ETH Zurich's IT Services division published internal benchmarking guidance in March 2025 noting that research data repositories without active deduplication protocols see duplicate rates of 12 to 28 percent within 18 months of a major data ingestion campaign. The university's scientific image archive, which supports laboratory groups across the Hönggerberg campus, crossed the 4-petabyte mark in late 2024. At that scale, a 15 percent duplication rate represents roughly 600 terabytes of redundant data — storage that, on commercial cloud infrastructure, would cost upward of CHF 180,000 annually to maintain.
The canton's hospital network, including Universitätsspital Zürich on Rämistrasse, faces a parallel problem in medical imaging. DICOM files — the standard format for radiology scans — are among the most storage-intensive duplicates in any health system. Published figures from the Swiss Federal Office of Public Health indicate that Swiss hospitals collectively generate around 80 petabytes of medical imaging data per year, and industry-standard estimates put unnecessary duplication at 10 to 15 percent of that total. For a major academic hospital, that is not an abstract efficiency question but a compliance one: patient data governance rules under the Swiss nDSG, which took full effect in September 2023, require institutions to know precisely what data they hold and where.
Several tools are now standard in European municipal IT, including perceptual hashing algorithms that can flag near-identical images even when file names and metadata differ. The city of Zurich's IT department, Informatik Stadt Zürich, piloted one such system across the Präsidialdepartement's photo archive in the first quarter of 2026. Early results, shared at a canton IT roundtable in April, suggested the pilot identified duplicate or near-duplicate files in roughly 22 percent of a 400,000-image test corpus — a figure that tracks closely with ETH's own benchmarks.
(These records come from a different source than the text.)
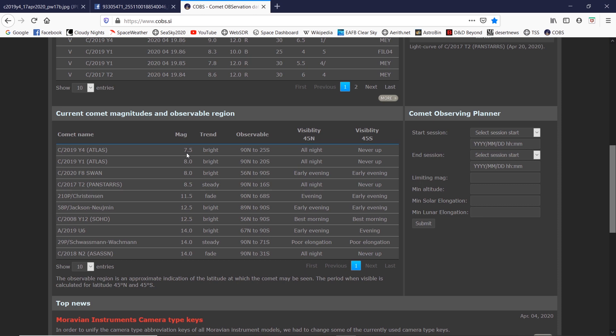But comets are comets - hey, just glad we have some in the sky to look at right now. Keep an eye on ATLAS, we'll see what it does next. And also, if you're able to see SWAN, keep your eye on SWAN as well.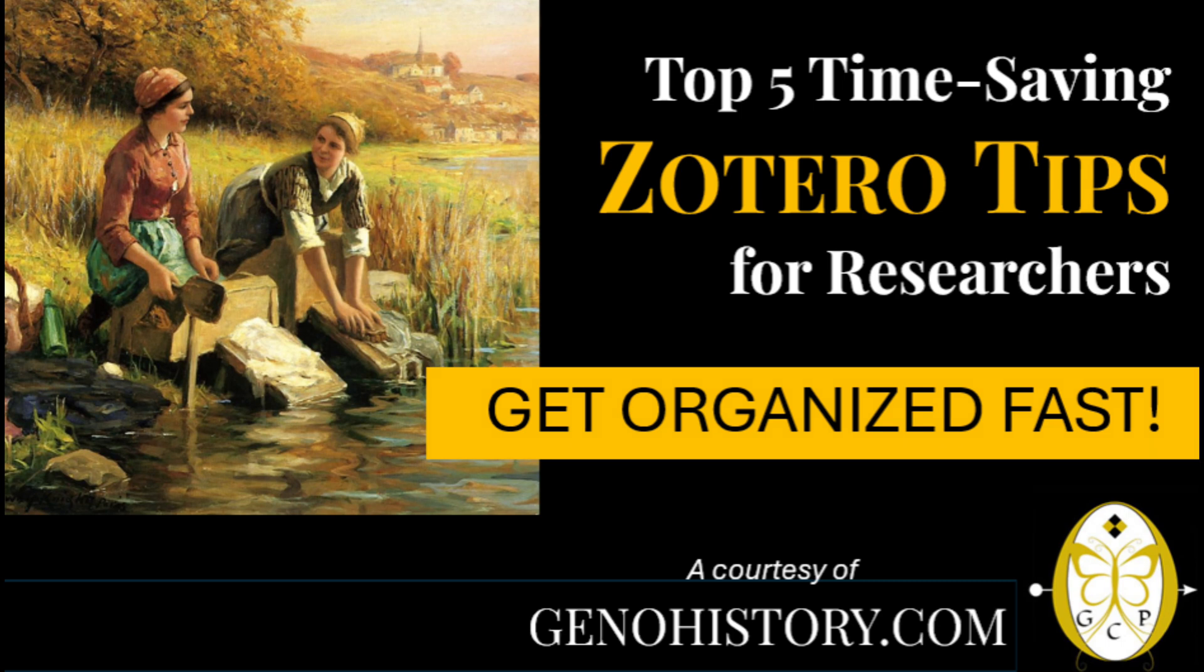Are you tired of wasting time trying to keep your research organized? Gain control of all your knowledge assets and win back so much time with Zotero.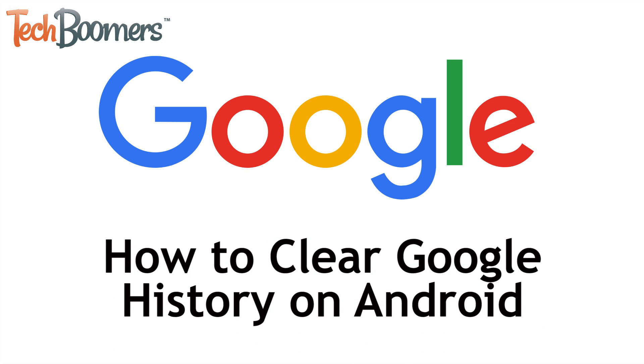I'm Jessica from TechBoomers.com, and in this video, I'll be showing you how to clear Google search history on Android. Now let's get started.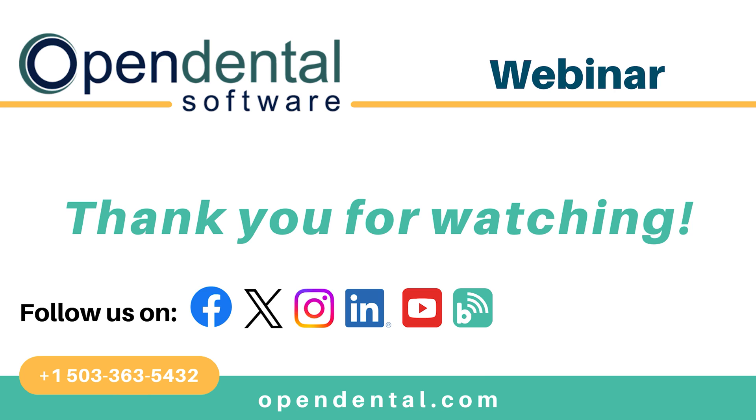Thank you for joining us for today's webinar. If you have any additional questions, please contact our support line at 503-363-5432 or access our complete online manual at opendental.com. And make sure you're staying up to date on our latest training videos by subscribing to our channel and turning on notifications.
For organisations that have not yet run deduplication audits, the practical path is straightforward but not free. Licensing costs for enterprise-grade deduplication software run between CHF 8,000 and CHF 40,000 per year depending on dataset size, according to published vendor pricing sheets from companies operating in the Swiss market. Open-source alternatives exist but require internal engineering time that most cantonal IT teams cannot easily spare. Several Zurich-based IT consultancies operating out of the Technopark Zürich on Technoparkstrasse have begun offering fixed-price deduplication audits aimed at mid-size public sector clients, typically priced between CHF 12,000 and CHF 25,000 for a full archive assessment.
The Stadtarchiv is expected to publish updated digital asset management guidelines before the end of 2026. Until then, institutions across the city are managing the duplication problem piecemeal — which is precisely how it grew this large in the first place.